Dona Dita casou-se muito cedo, aos 15 anos, com a aprovação
dos pais. Com 25 anos já tinha dez (10) filhos. Uma escadinha.
Aos 35, ficou viúva. E o seu caçula, com 15, já pegava no batente.
O filho mais velho, com 25, o primogênito, em tudo apoiava a mãe.
Seu interlocutor, talvez.

Todos os filhos eram solteiros. E, os mais velhos, maiores de idade,
isso é, dos 21 anos em diante, eram completamente submissos
a dona Dita. Uma submissão de berço, diria.

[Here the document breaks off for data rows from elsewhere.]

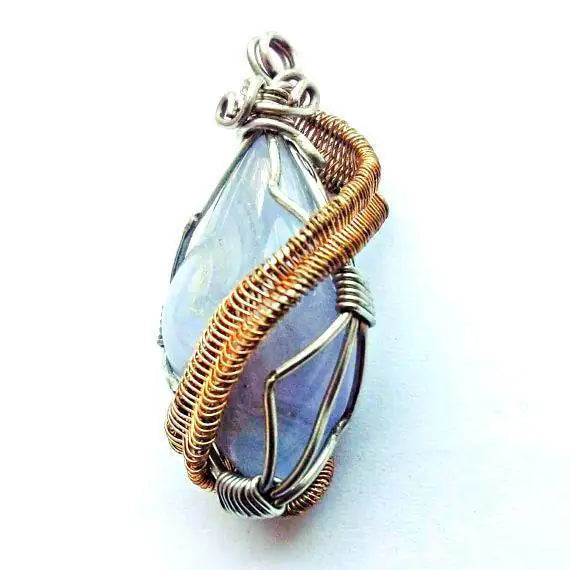 Wire Wrapped Lace Agate Healing Crystal Necklace DesignsbyNatureGems
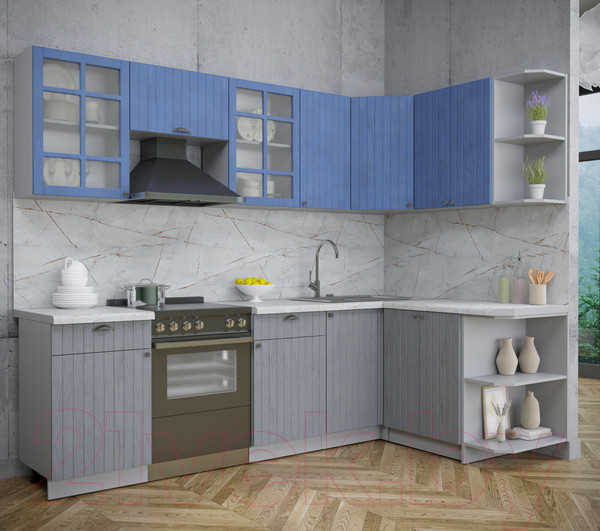 Изображение товара Кухонный гарнитур Интерлиния Берес 1.5x2.6 правая (дуб лазурный/дуб серый/серый каспий)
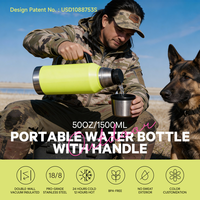 Bouteille isotherme 1500 ml 100 % étanche en acier inoxydable 304 double paroi avec poignée portable et couvercle polyvalent 12-24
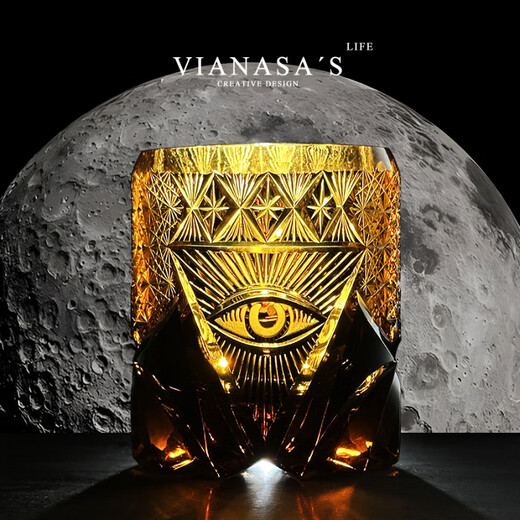 VIANASA S New God's Eye Edo Kiriko Cup Personalized Retro Whiskey Crystal Wine Glass God's Eye Kiriko Cup Gift Box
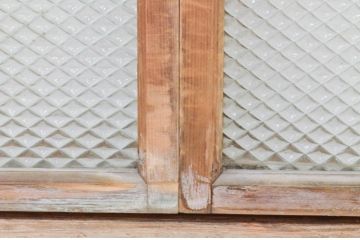 アンティーク建具　大正ロマン　プレスガラス入り　レトロな空間を引き立たせるガラス窓2枚セット(ガラス戸、引き戸)(R-071988)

Em tudo pediam sua bênção. Nas mínimas decisões, nos mínimos
detalhes. Ela sabia, por exemplo, do dia da menstruação das filhas.
Ela sabia, por exemplo, e esperava no horário combinado, a
chegada ao lar de cada um. Ela não permitia que um filho seu
gastasse 1 real sem lhe dar a devida explicação. Moleque queria
jogar bola. Menina queria ir na praça central... Iam, mas desde
que a mãe, pelo menos 3 dias antes, já estivesse ciente.

Para os filhos, dona Dita era seu começo, meio e fim. Criara os
filhos para comerem e beberem em suas mãos. Um espirro a seu
lado ou qualquer movimento a que foram condicionados que lhe
saíssem do padrão imposto, o filho seria indagado e até punido
sem direito a defesa e/ou advogado, lógico, figurativamente.

Dona Dita era sistemática, inculta, mas muito boa em matemática.
A casa funcionava como um relógio suíço. Tinha hora pra ver TV,
rádio. Hora do café, da janta... Na janta, todos deviam rezar juntos
assentados nas 11 cadeiras ao redor da mesa. "Ai, se uma estivesse
vazia!" Ela via isso como um ato de insubordinação... o castigo era
cruel: sem rádio, sem TV, sem roupa lavada, sem divertimento
nenhum no tempo ao seu critério.

Penso, e falo por mim, que até o marido, enquanto vivo, era
dominado. Este fato grotesco, hoje em dia, é-me impensável...
Tá certo que isto aconteceu nos idos da década de 70, enfim....

Os filhos, às escondidas, prepararam uma grande festa para
comemorar os 41 anos da mãe. Assim, só entre eles. Nada de
vizinhos, amigos, pretendentes. Não, seriam eles e a mãe amada,
idolatrada. E seria na sexta-feira à tarde. Justamente quando ela
fora ao Banco retirar os recibos do depósito mensal de cada um.
Aproveitariam a oportunidade para terem uma conversa franca
com a Aniversariante. Falariam de seus problemas, de suas vidas,
individualmente. O dia D chegara.

E ela retornou a casa azul. Adentrou. E antes que pronunciasse uma
palavra, numa só voz começaram a cantar o 'Parabéns pra Você'.

Num misto de raiva pelos não depósitos e emoção pela festa surpresa
vociferou: "Traidores! - o que vocês fizeram?! Cadê o dinheiro?
Vocês me roubaram! Vocês já não são meus filhos!... e outros
palavrões."

Sentou-se ofegante no sofá, aérea, confusa, e borrou o rosto
com suas lágrimas escuras de maquiagem.

Naquele dia ses filhos reclamaram do sistema que viviam. E
fizeram confissões: um disse ser homosexual; outro, que fumava
maconha; outro que virara evangélico; dois outros que, num
romance escondido, já eram pais e um outro padastro. Os dois
menores, de 15 e 16 anos não opinaram.

De repente ela se levantou, e encarou a todos, talvez para
esbofeteá-los um a um. Heis que suas duas filhas, aproveitando-se
da lavagem de roupa suja, confidenciam: "Mãe, desculpa a gente,
somos lésbicas, gostamos só de mulher, sabe com é...

Aí, a Dita caiu dura, ou melhor: CAIU A DITA DURA!


N.A. - Sabem duma coisa: depois de sua morte houve até uma
abertura e, seus filhos, cada um, pôde ser dono do próprio nariz.
Tomara não tenham herdado nada e que a sombra da Dita não
permaneça nas futuras gerações de seus filhos, espero.